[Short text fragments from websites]

%%

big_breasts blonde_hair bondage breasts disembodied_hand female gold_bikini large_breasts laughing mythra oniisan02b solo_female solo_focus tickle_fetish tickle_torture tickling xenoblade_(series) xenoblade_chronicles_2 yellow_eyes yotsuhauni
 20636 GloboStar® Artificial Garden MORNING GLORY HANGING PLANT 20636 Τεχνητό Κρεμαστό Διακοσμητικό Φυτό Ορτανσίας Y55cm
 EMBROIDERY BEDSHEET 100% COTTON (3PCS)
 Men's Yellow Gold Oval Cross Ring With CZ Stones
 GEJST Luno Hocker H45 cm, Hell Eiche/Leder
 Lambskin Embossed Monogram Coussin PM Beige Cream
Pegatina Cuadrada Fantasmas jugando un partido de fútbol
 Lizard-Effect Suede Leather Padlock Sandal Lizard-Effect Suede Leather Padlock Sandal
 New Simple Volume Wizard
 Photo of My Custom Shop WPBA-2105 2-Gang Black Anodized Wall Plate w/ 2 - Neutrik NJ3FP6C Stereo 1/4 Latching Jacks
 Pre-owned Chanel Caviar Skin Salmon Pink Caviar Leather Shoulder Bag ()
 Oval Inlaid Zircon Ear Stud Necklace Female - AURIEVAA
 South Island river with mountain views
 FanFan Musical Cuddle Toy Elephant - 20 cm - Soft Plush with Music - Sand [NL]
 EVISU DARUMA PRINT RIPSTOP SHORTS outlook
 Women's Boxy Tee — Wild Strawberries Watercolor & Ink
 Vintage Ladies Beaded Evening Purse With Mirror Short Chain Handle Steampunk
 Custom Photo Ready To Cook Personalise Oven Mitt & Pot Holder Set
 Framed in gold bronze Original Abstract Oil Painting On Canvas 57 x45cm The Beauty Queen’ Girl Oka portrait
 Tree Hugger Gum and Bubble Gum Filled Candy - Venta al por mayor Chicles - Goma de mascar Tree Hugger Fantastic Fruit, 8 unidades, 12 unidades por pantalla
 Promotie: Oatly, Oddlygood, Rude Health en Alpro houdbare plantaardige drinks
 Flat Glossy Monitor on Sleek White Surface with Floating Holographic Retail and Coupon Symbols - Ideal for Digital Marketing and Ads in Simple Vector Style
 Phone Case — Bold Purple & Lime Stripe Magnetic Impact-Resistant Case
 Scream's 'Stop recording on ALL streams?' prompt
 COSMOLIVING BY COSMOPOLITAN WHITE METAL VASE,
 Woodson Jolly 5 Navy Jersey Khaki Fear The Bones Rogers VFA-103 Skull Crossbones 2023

%%

→ PROBLEM REQUIREMENTS
Your answer must be the lines from the one that contains "Vintage Ladies Beaded" through the last line of the entries above, copied exactly, with no other lines.

→ SOLUTION TO THE EXERCISE
 Vintage Ladies Beaded Evening Purse With Mirror Short Chain Handle Steampunk
 Custom Photo Ready To Cook Personalise Oven Mitt & Pot Holder Set
 Framed in gold bronze Original Abstract Oil Painting On Canvas 57 x45cm The Beauty Queen’ Girl Oka portrait
 Tree Hugger Gum and Bubble Gum Filled Candy - Venta al por mayor Chicles - Goma de mascar Tree Hugger Fantastic Fruit, 8 unidades, 12 unidades por pantalla
 Promotie: Oatly, Oddlygood, Rude Health en Alpro houdbare plantaardige drinks
 Flat Glossy Monitor on Sleek White Surface with Floating Holographic Retail and Coupon Symbols - Ideal for Digital Marketing and Ads in Simple Vector Style
 Phone Case — Bold Purple & Lime Stripe Magnetic Impact-Resistant Case
 Scream's 'Stop recording on ALL streams?' prompt
 COSMOLIVING BY COSMOPOLITAN WHITE METAL VASE,
 Woodson Jolly 5 Navy Jersey Khaki Fear The Bones Rogers VFA-103 Skull Crossbones 2023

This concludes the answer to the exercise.